Although he supported the 2002 resolution in Congress which authorised the use of force in Iraq, he managed to attack fellow congressional democrats, Dick Gephardt and Joe Lieberman, for doing the same. He got away with it.
Kerry claimed that by backing Bush's resolution so quickly, Lieberman and Gephardt damaged his own effort to pass a resolution that would have limited Bush's ability to go to war quickly.
Clever politics.
EDWARDS has nothing like the same political experience and may in fact be running for the vice-presidential nomination. Yet he has a number of things in his favour.
He is a southerner, and the Democrats need the south.

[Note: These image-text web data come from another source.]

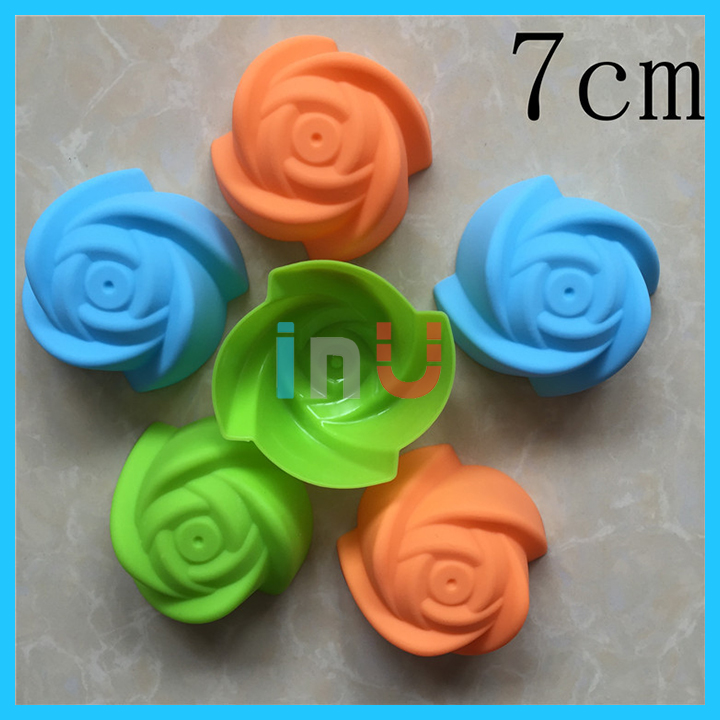 HCM - Combo 5 khuôn silicon cupcake hoa hồng size to 7cm nướng bánh bông lan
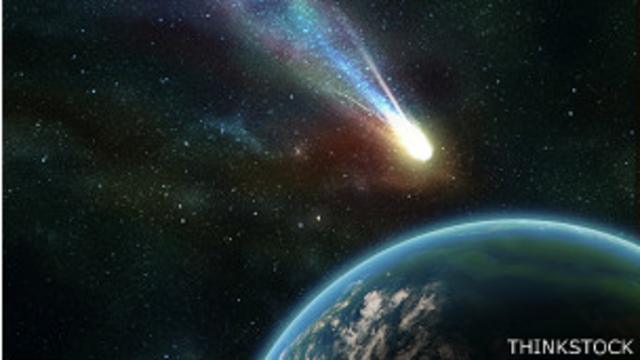 Cometa cerca de la Tierra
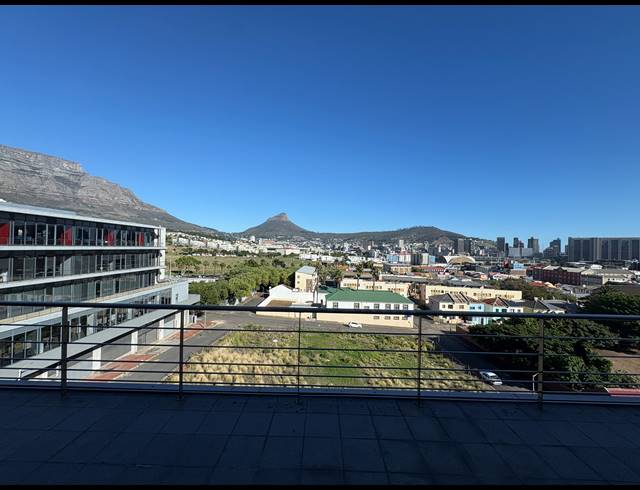 1,587M² OFFICE TO LET IN WOODSTOCK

No non-southern democrat has won the White House since Kennedy, and Kerry, so far, has very little support there. Edwards will also imitate Clinton by playing up his ability (he made millions as a lawyer taking personal injury cases against negligent corporations), and his relatively humble origins his father was a textile worker and Edwards was the first of his family to go to university. Edwards is a sort of male Erin Brockovich.
But not so fast. The realists may be in the ascendant in the Democratic Party, but there is still the all-important matter of next Tuesday's primary in New Hampshire. Maverick Dean still leads in the polls, and his nearest rival is another weird candidate General Wesley Clark.
Clark looks normal on the surface. He had a distinguished military career and is an effective debater. But is he the Clintons' preferred candidate because he is from Arkansas, or because Hillary wants to back a loser so she is free to run herself in 2008?
"I've been against this war from the beginning... And I'm against it now," Clark declared recently. But in April 2003, he declared that "liberation" was at hand.
"President Bush and Tony Blair should be proud of their resolve in the face of so much doubt," he exulted then.
With consistency like that, it's not surprising that Clark is supported by radical polemicist Michael Moore, whose own veracity at times leaves a lot to be desired. Clark however is proud of the endorsement, describing Moore as "a fantastic leader." With Dean and Clark still leading the polls in New Hampshire, it's still possible that the Democrats are ready to nominate a maverick. Perhaps the party hasn't awoken yet to the strangeness of some of the pretenders.
Or maybe they are having it both ways giving an early thumbs-up to their favourite radicals followed by realistic, Iowa-style voting for contenders who they believe can actually put it up to Bush.